- _PROBLEM DESCRIPTION_
The result should be a full, exact repeat of the entries, free of pictures.

- _SUPPLIED DATA_
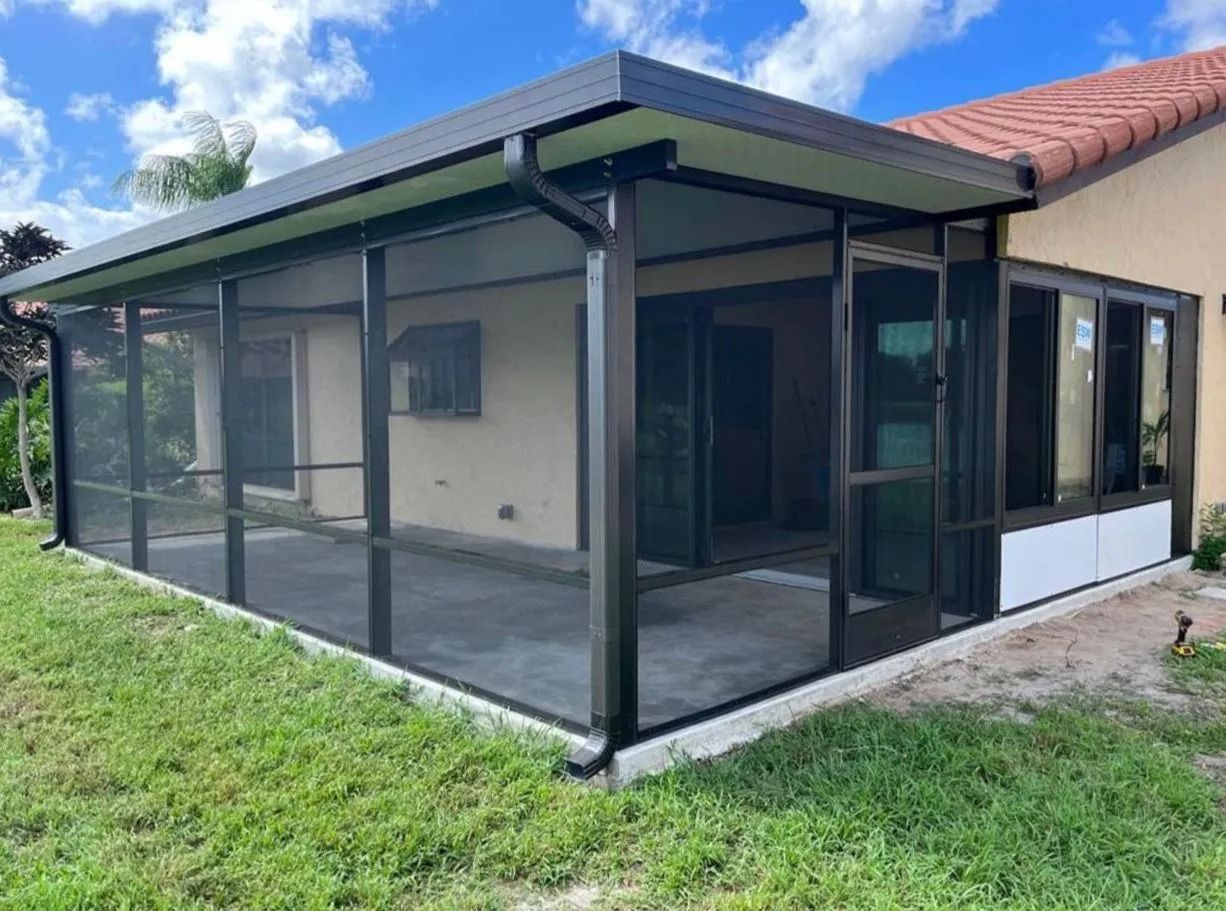 Screened-in patio with dark framing and screens, attached to a house with a tile roof and surrounded by grass.
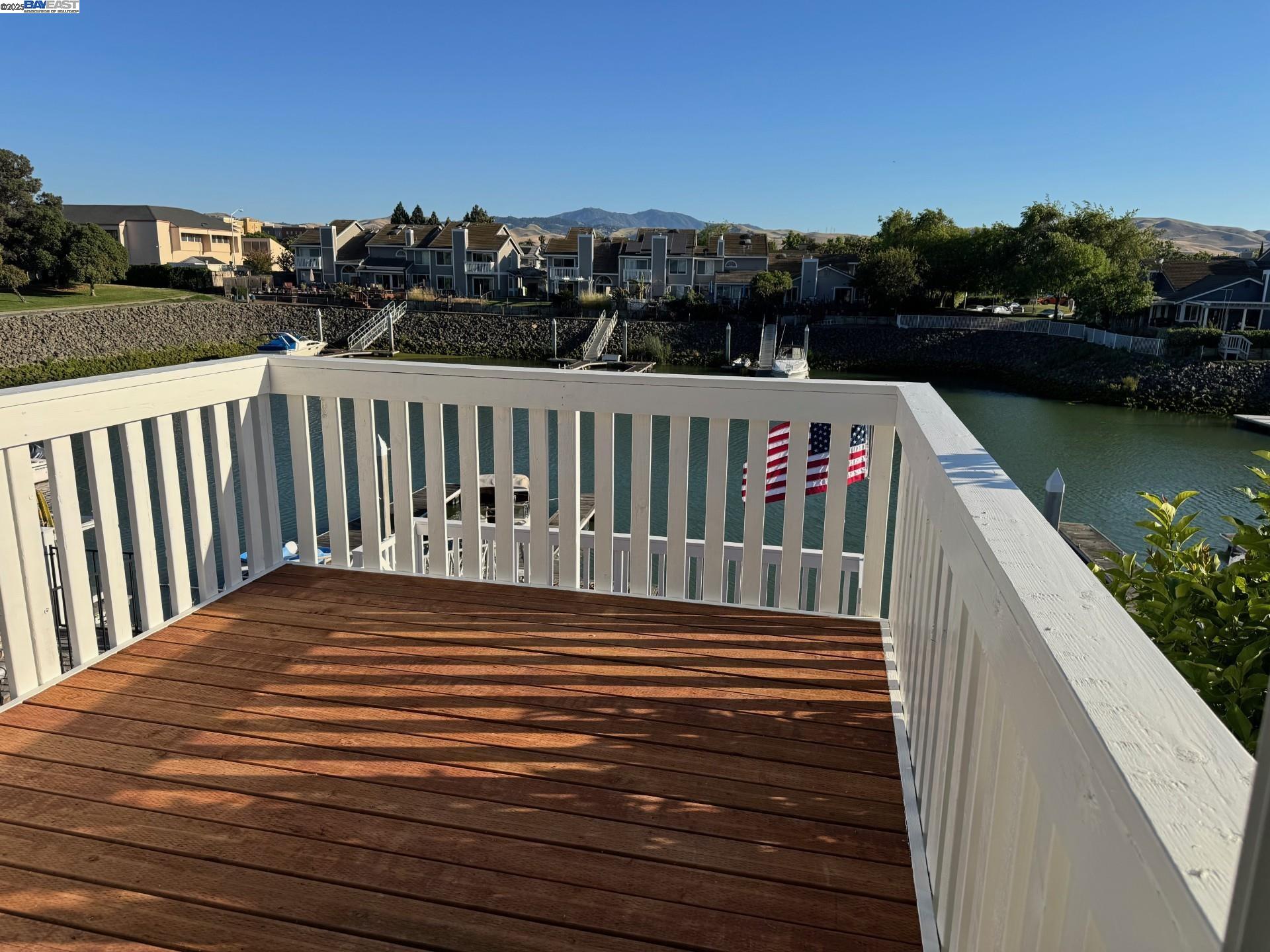 118 Pelican Loop Pittsburg, CA 94565 - Photo 17 of 21 a view of balcony with wooden floor and lake view
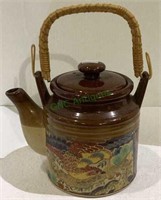 Vintage ceramic oriental themed teapot with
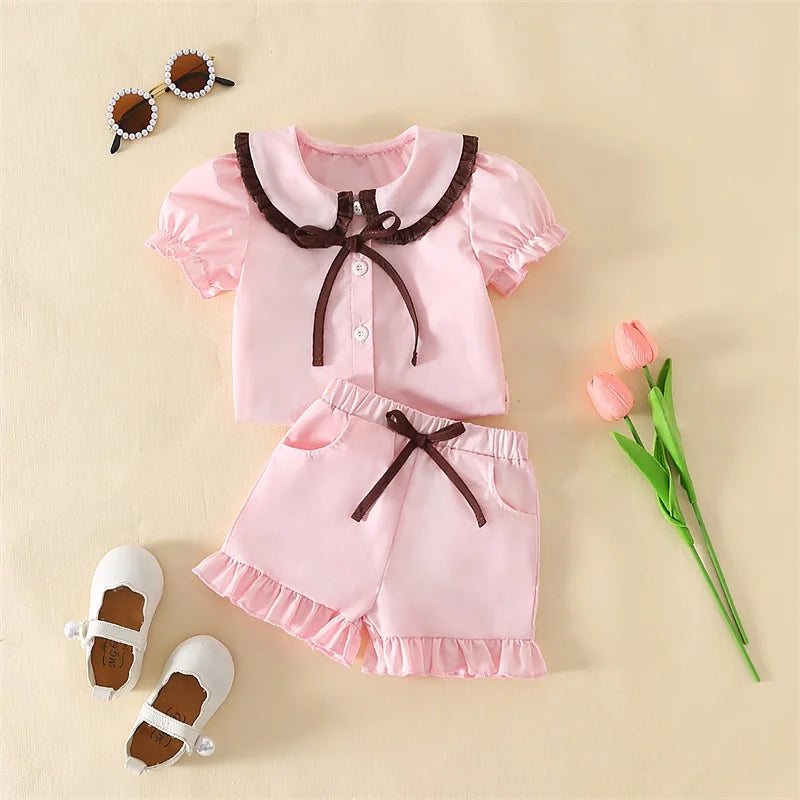 Girls Summer Pajama Set with Cute Doll Collar Short Sleeve Button Down Top and Ruffled Shorts Sleepwear in Vibrant Colors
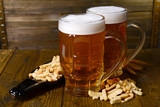 Glasses of beer with snack on table on wooden background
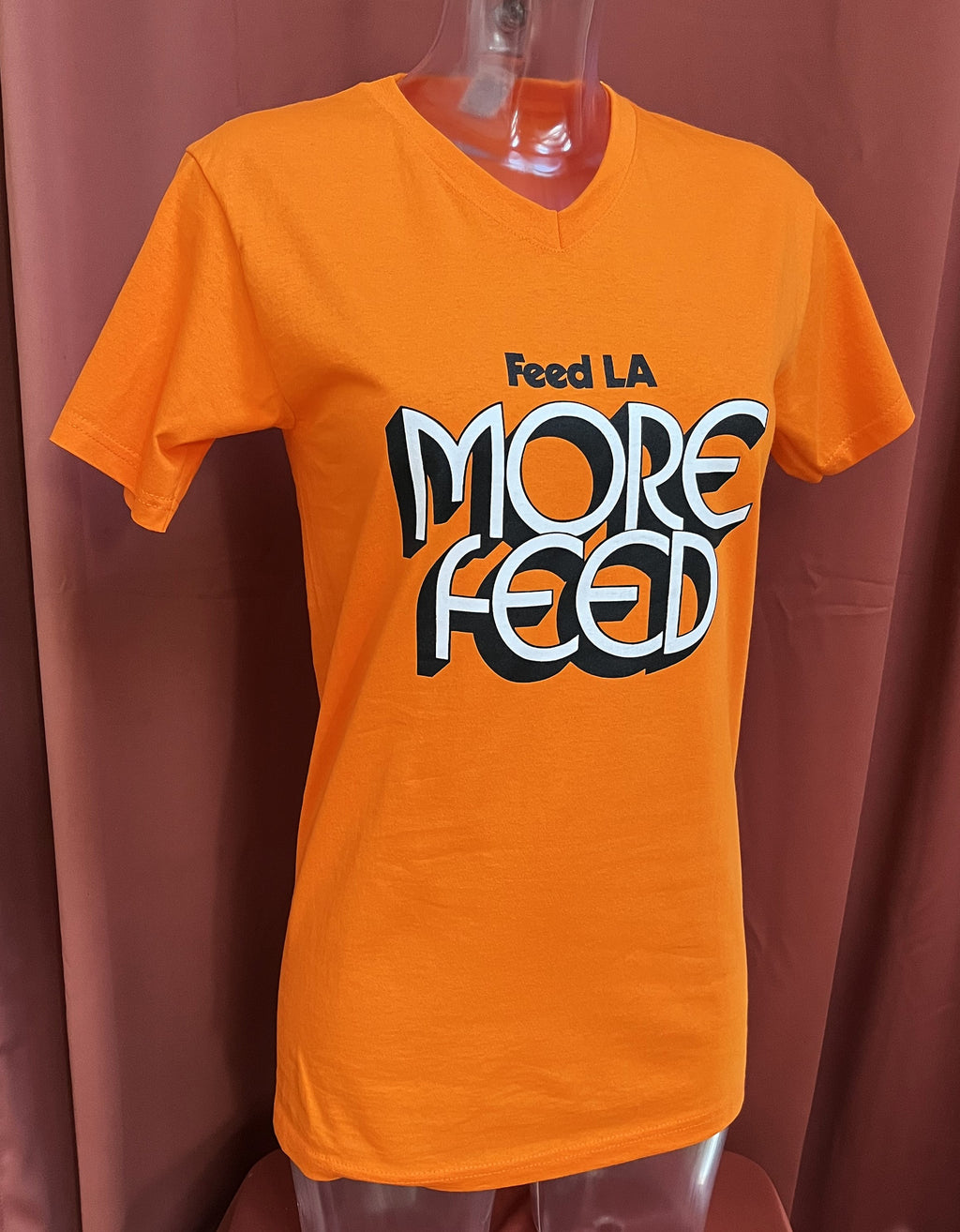 "Feed LA More Feed" T-Shirt, b/w print on orange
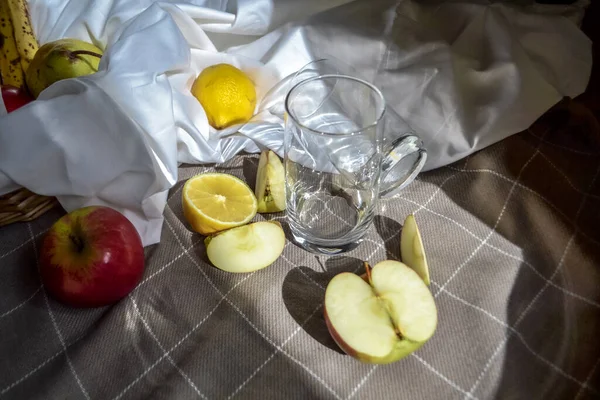 成熟的果实 红色的苹果 在白色的 有褶皱的果皮上切柠檬 在有玻璃和苹果片的格子毛毯上 阳光照射下 — 图库照片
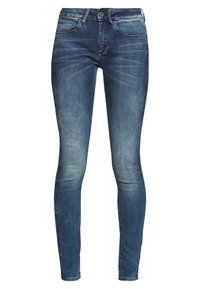 Tmavě modré skinny džínsy s vybledlým odstínem, pěti kapsami, zapín�áním na knoflík a zip a kontrastním prošíváním podél švů.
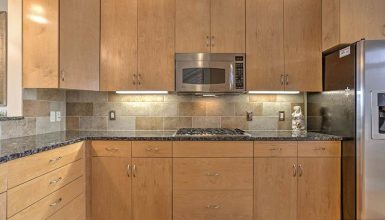 Modern kitchen with new caledonia granite countertops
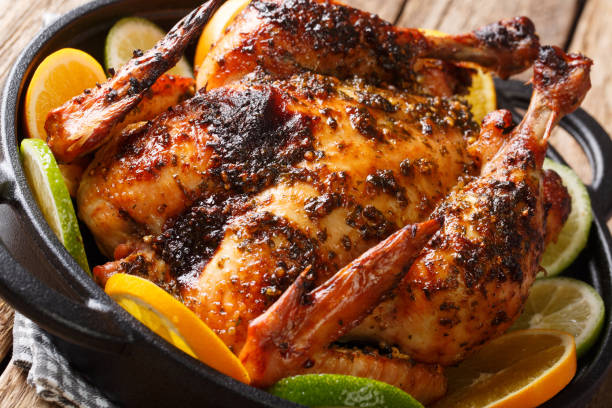 istock Whole baked Cuban chicken marinated with mojo sauce served with oranges and lime close-up in a pan. horizontal 1145843376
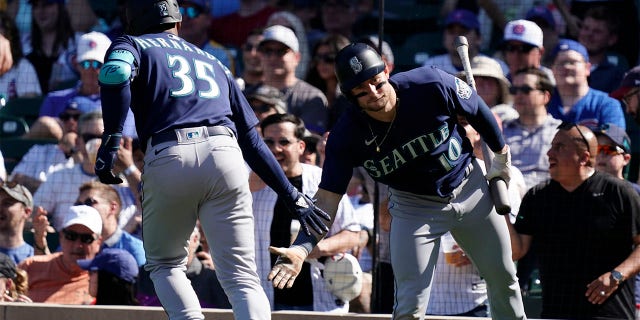 Teoscar Hernandez of the Seattle Mariners is congratulated by Jarred Kelenic during the Cubs game at Wrigley Field on April 12, 2023, in Chicago.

- _RESULT BELOW_
 Screened-in patio with dark framing and screens, attached to a house with a tile roof and surrounded by grass.
 118 Pelican Loop Pittsburg, CA 94565 - Photo 17 of 21 a view of balcony with wooden floor and lake view
 Vintage ceramic oriental themed teapot with
 Girls Summer Pajama Set with Cute Doll Collar Short Sleeve Button Down Top and Ruffled Shorts Sleepwear in Vibrant Colors
 Glasses of beer with snack on table on wooden background
 "Feed LA More Feed" T-Shirt, b/w print on orange
 成熟的果实 红色的苹果 在白色的 有褶皱的果皮上切柠檬 在有玻璃和苹果片的格子毛毯上 阳光照射下 — 图库照片
 Tmavě modré skinny džínsy s vybledlým odstínem, pěti kapsami, zapín�áním na knoflík a zip a kontrastním prošíváním podél švů.
 Modern kitchen with new caledonia granite countertops
 istock Whole baked Cuban chicken marinated with mojo sauce served with oranges and lime close-up in a pan. horizontal 1145843376
 Teoscar Hernandez of the Seattle Mariners is congratulated by Jarred Kelenic during the Cubs game at Wrigley Field on April 12, 2023, in Chicago.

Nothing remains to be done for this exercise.